--- Exercise objective ---
Could you copy exactly the lines below, beginning at the line with "That wraps up" and stopping after the line with "The three models", with no pictures?

--- Input material ---
-- Opening Marker --
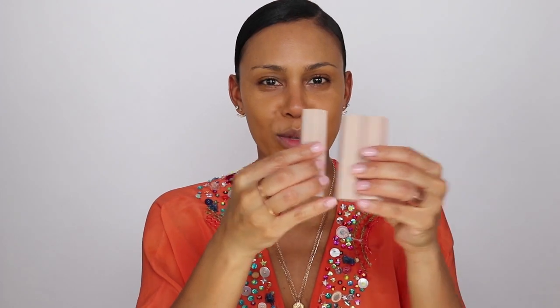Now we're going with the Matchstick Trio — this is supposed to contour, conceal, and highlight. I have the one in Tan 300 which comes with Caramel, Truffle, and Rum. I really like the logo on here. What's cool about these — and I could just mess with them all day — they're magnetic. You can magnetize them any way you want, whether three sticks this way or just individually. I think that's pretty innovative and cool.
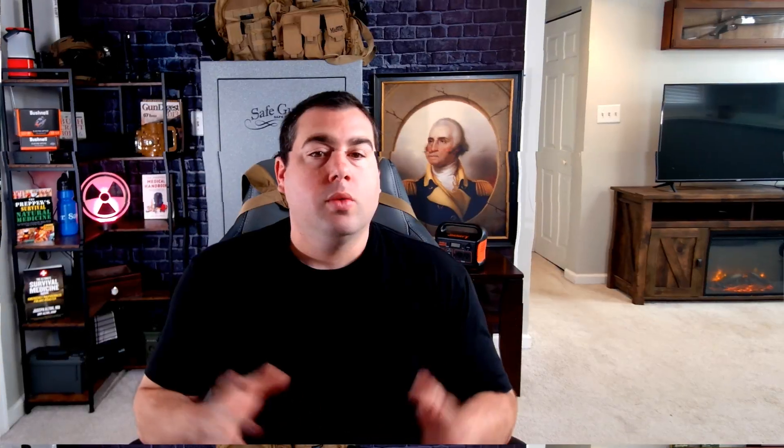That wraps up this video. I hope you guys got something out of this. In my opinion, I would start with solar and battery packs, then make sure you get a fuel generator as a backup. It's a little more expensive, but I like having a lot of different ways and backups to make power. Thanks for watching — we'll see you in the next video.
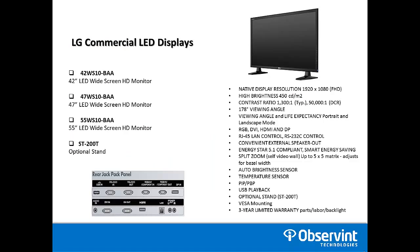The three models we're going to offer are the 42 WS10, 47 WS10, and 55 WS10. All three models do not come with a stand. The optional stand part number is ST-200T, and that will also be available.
-- Closing Marker --
-- Opening Marker --
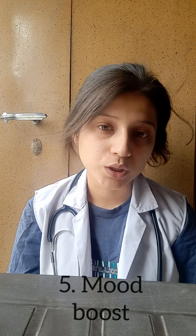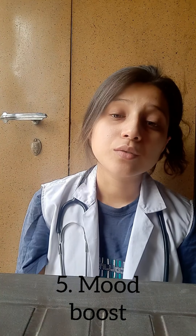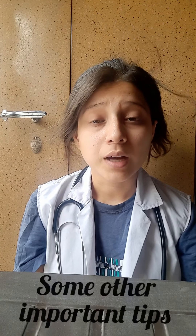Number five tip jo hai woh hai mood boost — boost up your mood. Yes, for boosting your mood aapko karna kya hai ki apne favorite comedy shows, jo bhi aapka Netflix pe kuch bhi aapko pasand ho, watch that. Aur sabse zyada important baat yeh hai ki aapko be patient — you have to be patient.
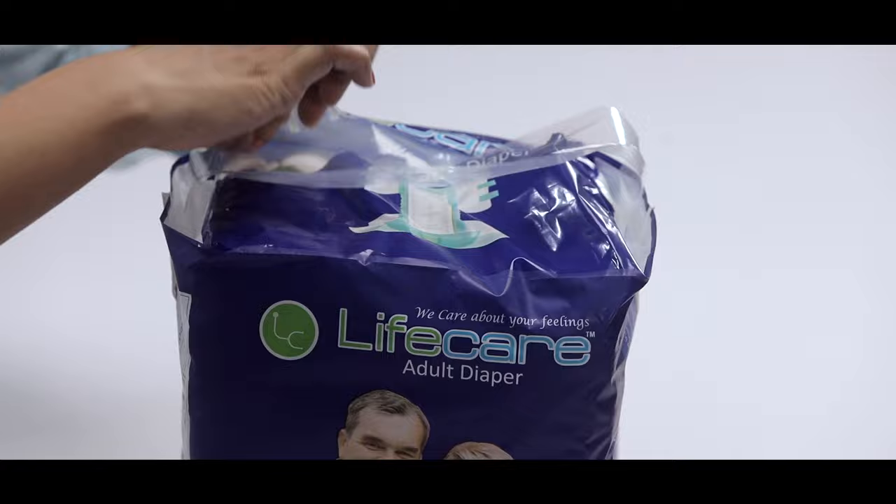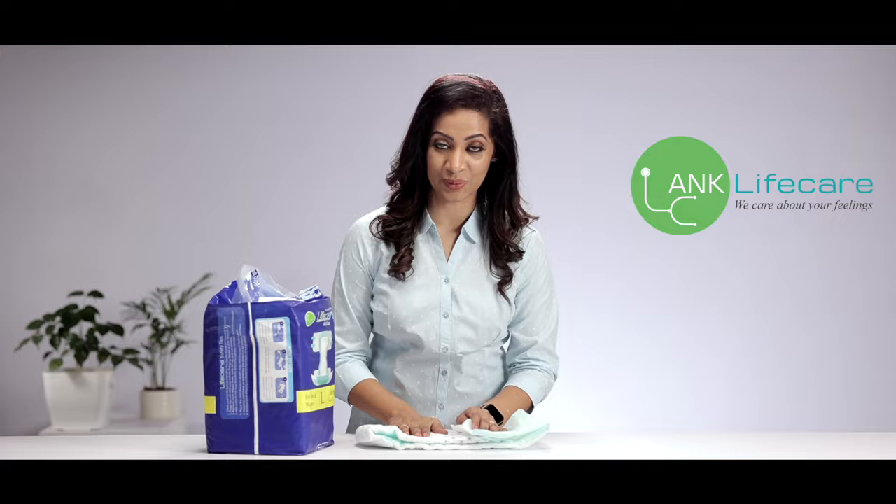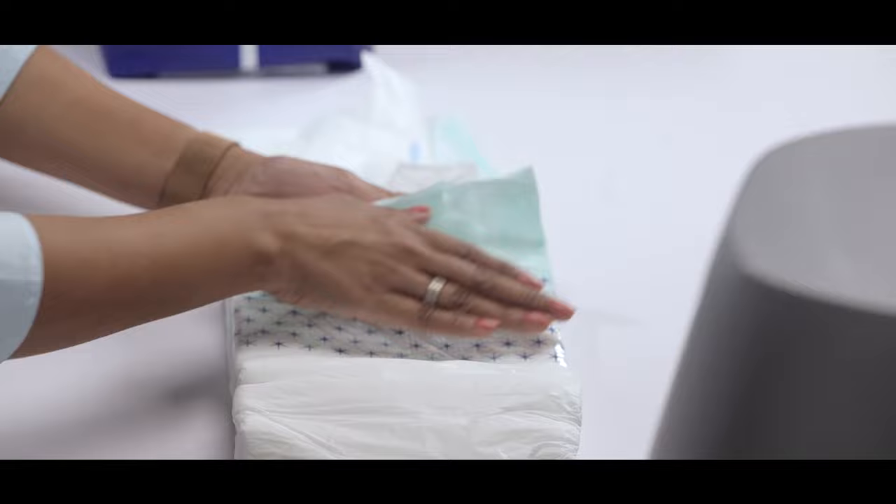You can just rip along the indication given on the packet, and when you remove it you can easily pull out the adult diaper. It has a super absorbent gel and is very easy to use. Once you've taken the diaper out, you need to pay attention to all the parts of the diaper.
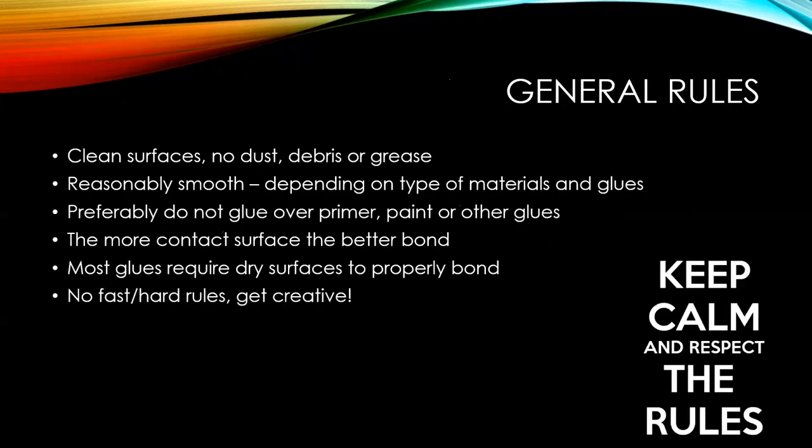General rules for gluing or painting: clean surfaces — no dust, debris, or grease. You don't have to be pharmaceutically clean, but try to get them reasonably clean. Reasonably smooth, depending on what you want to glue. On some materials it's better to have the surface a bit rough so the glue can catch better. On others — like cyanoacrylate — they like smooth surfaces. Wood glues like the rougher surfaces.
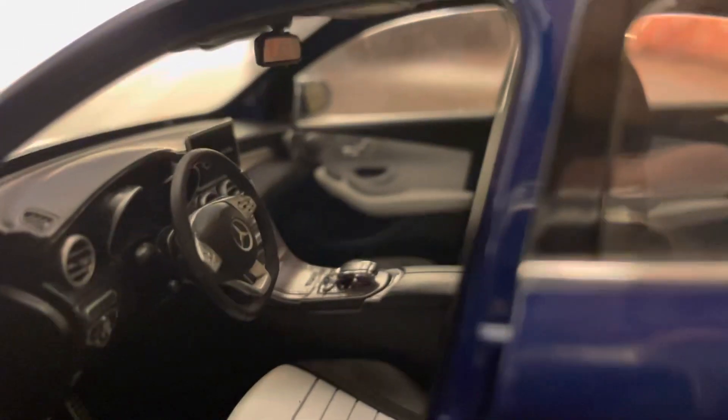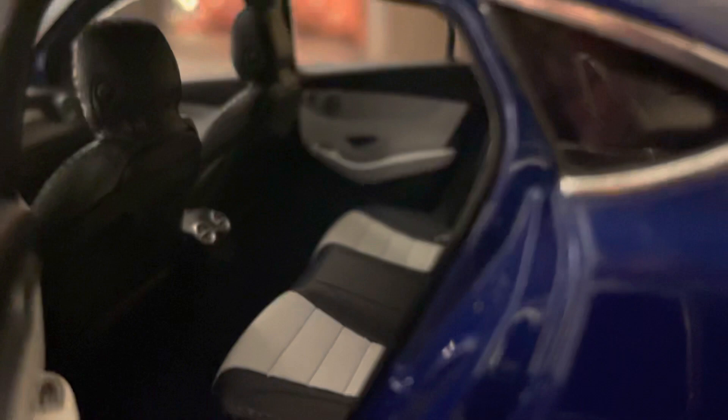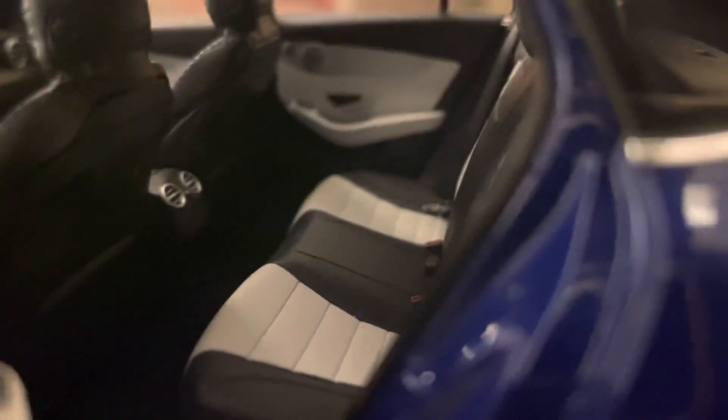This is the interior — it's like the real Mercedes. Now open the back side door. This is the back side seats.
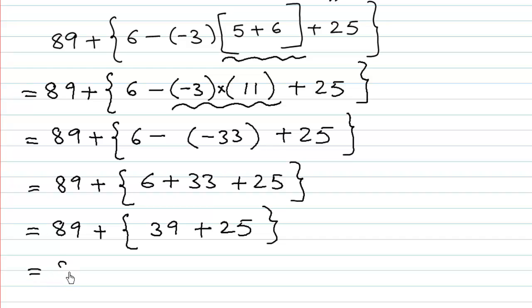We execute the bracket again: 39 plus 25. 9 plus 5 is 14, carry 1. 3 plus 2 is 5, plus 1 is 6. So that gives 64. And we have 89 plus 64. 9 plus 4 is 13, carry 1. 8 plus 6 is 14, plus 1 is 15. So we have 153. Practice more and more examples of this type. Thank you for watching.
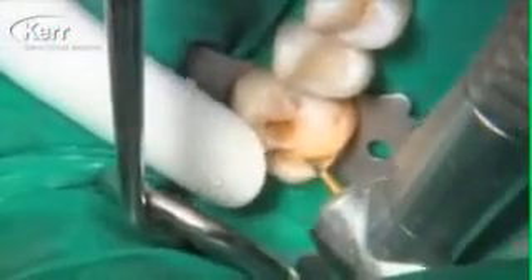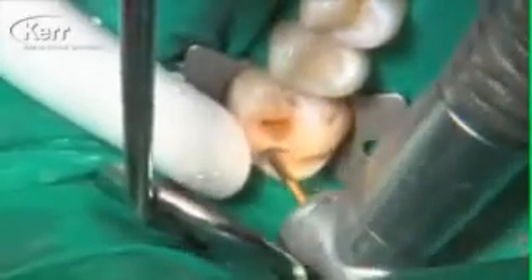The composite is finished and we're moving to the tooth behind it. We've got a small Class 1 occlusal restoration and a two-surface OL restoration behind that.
-- Closing Marker --
--- Output below ---
That wraps up this video. I hope you guys got something out of this. In my opinion, I would start with solar and battery packs, then make sure you get a fuel generator as a backup. It's a little more expensive, but I like having a lot of different ways and backups to make power. Thanks for watching — we'll see you in the next video.
The three models we're going to offer are the 42 WS10, 47 WS10, and 55 WS10. All three models do not come with a stand. The optional stand part number is ST-200T, and that will also be available.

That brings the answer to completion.